TASK DIRECTIONS.
Find the line with "Bright remodeled kitchen" in the entries below, then reproduce it and every line after it down to and including the line with "Puede incluir: Cinco", exactly.

Stored dataset items.

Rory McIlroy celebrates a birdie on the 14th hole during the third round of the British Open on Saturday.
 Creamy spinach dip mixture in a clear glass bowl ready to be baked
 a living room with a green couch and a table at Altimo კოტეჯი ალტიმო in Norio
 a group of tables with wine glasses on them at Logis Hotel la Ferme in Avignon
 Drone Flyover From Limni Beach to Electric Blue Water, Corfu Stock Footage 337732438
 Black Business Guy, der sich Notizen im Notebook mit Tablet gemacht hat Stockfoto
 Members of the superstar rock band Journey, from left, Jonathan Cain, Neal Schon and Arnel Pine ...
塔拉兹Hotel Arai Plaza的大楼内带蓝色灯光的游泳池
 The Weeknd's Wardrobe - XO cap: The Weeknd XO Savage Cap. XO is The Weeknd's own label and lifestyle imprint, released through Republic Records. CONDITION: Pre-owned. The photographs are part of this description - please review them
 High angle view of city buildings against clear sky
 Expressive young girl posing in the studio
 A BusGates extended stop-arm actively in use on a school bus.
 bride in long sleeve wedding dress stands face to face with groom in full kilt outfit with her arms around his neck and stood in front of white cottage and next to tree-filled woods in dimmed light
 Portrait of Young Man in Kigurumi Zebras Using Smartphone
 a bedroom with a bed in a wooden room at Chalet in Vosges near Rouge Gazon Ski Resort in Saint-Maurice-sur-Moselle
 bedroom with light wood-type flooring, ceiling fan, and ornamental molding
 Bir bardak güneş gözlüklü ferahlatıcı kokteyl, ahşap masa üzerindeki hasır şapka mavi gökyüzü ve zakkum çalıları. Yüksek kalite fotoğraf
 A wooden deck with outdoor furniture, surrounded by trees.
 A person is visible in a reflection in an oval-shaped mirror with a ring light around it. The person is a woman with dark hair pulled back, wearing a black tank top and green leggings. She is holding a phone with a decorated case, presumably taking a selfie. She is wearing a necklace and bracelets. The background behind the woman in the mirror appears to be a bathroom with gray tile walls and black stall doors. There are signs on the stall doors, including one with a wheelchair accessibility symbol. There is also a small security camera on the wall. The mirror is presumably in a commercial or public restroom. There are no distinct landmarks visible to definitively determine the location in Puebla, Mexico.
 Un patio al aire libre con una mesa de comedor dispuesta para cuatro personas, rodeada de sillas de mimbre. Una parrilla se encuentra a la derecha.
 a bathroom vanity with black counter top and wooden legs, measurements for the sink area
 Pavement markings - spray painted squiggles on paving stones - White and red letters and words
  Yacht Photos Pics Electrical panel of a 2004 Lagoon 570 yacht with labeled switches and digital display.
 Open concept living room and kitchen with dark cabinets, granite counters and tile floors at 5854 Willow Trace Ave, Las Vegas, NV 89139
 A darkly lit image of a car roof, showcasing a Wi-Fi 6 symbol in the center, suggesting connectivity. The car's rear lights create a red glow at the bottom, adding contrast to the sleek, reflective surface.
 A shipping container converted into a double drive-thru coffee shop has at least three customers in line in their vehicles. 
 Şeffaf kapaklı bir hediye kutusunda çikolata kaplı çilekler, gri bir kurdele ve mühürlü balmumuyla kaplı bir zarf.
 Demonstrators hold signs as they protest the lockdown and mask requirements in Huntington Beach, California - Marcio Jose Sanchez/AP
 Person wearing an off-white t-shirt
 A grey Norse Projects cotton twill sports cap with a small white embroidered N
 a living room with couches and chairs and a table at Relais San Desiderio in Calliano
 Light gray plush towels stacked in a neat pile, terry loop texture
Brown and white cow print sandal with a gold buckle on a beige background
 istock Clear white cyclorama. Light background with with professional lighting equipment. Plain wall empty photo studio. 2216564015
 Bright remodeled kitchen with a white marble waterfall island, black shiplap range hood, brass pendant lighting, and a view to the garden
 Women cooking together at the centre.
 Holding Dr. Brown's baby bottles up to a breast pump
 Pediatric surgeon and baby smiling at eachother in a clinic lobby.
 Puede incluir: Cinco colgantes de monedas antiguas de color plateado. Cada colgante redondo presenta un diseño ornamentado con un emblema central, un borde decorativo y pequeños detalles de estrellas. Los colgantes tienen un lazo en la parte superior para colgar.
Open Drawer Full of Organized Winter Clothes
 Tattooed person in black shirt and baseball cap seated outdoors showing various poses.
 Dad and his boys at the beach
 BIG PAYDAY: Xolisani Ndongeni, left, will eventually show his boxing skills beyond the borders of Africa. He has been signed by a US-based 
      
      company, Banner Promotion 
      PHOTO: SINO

EXERCISE RESULT.
 Bright remodeled kitchen with a white marble waterfall island, black shiplap range hood, brass pendant lighting, and a view to the garden
 Women cooking together at the centre.
 Holding Dr. Brown's baby bottles up to a breast pump
 Pediatric surgeon and baby smiling at eachother in a clinic lobby.
 Puede incluir: Cinco colgantes de monedas antiguas de color plateado. Cada colgante redondo presenta un diseño ornamentado con un emblema central, un borde decorativo y pequeños detalles de estrellas. Los colgantes tienen un lazo en la parte superior para colgar.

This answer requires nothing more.